The most notable impact of the US Securities and Exchange Commission’s proposed reforms for GP-led secondaries is a requirement for the GP to obtain a fairness opinion from an independent provider and share it with interested parties.
“In our view, this is ultimately a healthy development for the GP-led market,” says Rob Campbell, head of North America for ICG Strategic Equity. “With so many constituents involved, these transactions have always been rife with potential conflicts of interest. An independent valuation and fairness opinion is prudent from both a legal and business standpoint, as all stakeholders are comfortable that the transaction is fair to them from a financial point of view.
“Encouragingly, the SEC’s proposal acknowledges the benefits associated with GP-led transactions, namely how they provide a mechanism for investors to receive liquidity and also provide additional capital and/or time to maximise the value of the fund’s assets.”
Meanwhile, Valérie Handal, a managing director at HarbourVest, does not believe that the new requirements – which also include obligations to report transactions to the SEC – should represent a material burden for sizeable, high-quality GPs with well-established compliance teams.
“As such, we wouldn’t expect a meaningful change in activity for deals involving GPs of this type,” she says. “Overall, we expect GP-led activity to remain robust, as these deals, when properly constructed, can represent a win-win-win solution for all parties involved. GPs can extend their ownership of trophy assets; existing investors have the option to receive liquidity or to maintain their exposure; and secondary investors can access great assets, managed by high-quality GPs, that wouldn’t have historically traded on the secondary market.”
Nothing to fear
Debevoise & Plimpton partner Marc Ponchione, however, says that if the rules are finalised, as anticipated this spring, the provisions applicable to secondaries are largely unnecessary. “Many secondaries deals already require fairness opinions or contain features that mitigate the risks the proposed rule seeks to address and make a fairness opinion redundant,” Ponchione explains. “For example, many deals require LPAC consent on the sellside, and experience generally shows that a significant majority of investors elect to receive cash when given the option to cash out or roll forward, which is indicative that investors view the price offered as fair.”

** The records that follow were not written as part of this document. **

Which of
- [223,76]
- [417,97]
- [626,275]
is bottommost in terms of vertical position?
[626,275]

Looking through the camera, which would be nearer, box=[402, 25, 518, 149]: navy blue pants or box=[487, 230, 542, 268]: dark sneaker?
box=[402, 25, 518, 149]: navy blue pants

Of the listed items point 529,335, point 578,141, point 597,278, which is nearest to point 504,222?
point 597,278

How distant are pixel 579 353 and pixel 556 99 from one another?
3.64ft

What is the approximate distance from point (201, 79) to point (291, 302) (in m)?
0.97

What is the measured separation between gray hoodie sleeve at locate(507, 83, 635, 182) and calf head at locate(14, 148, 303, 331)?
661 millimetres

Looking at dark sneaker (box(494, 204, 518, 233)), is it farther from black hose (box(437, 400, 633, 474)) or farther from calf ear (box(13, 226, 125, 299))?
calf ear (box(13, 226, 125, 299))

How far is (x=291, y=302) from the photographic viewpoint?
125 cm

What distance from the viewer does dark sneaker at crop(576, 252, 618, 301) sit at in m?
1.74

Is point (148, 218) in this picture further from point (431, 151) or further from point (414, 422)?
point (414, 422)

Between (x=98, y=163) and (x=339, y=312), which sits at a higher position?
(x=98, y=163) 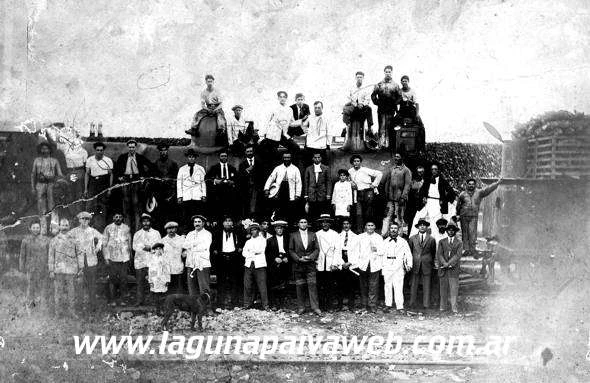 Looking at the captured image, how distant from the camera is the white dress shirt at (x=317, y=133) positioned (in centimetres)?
1017

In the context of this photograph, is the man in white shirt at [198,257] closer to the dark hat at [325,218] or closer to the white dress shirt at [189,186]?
the white dress shirt at [189,186]

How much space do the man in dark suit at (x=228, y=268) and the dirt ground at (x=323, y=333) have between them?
19.2 inches

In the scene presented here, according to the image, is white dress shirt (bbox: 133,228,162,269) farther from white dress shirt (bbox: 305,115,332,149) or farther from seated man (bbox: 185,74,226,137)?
white dress shirt (bbox: 305,115,332,149)

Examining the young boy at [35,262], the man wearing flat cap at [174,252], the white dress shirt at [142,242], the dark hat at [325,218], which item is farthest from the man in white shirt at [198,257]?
the young boy at [35,262]

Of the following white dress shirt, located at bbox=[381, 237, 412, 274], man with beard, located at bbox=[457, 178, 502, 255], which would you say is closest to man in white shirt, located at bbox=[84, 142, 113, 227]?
white dress shirt, located at bbox=[381, 237, 412, 274]

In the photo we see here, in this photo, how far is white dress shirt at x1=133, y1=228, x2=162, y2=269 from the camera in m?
8.88

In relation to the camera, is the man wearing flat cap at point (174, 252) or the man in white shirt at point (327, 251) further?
the man in white shirt at point (327, 251)

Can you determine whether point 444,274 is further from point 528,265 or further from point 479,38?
point 479,38

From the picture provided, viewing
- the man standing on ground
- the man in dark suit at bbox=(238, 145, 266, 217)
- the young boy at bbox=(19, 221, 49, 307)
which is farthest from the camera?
the man in dark suit at bbox=(238, 145, 266, 217)

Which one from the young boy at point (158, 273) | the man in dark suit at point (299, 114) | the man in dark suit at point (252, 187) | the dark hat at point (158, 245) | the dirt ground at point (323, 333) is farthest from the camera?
the man in dark suit at point (299, 114)

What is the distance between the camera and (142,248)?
892 centimetres

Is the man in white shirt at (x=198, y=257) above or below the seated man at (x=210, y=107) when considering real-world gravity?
below

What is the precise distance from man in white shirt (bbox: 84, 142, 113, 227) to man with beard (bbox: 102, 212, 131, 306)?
0.51 meters

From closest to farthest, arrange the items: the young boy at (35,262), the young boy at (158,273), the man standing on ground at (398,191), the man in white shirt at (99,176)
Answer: the young boy at (35,262) < the young boy at (158,273) < the man in white shirt at (99,176) < the man standing on ground at (398,191) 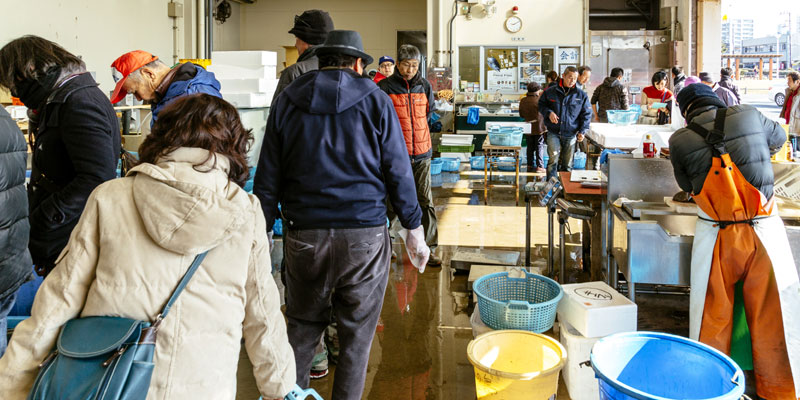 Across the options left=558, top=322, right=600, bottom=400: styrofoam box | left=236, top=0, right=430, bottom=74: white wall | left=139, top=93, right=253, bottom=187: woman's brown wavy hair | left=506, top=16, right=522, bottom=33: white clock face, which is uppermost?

More fundamental is the fact that many aspects of the proposed rule – including the new requirements for secondaries – involve the SEC imposing a requirement in a purely commercial situation that is better handled between sophisticated private parties, Ponchione adds. “In the context of secondary transactions, those parties may ultimately conclude that the expense of a fairness opinion isn’t necessary and outweighs its value. To take this decision out of the hands of consenting institutional parties smacks of overreaching.”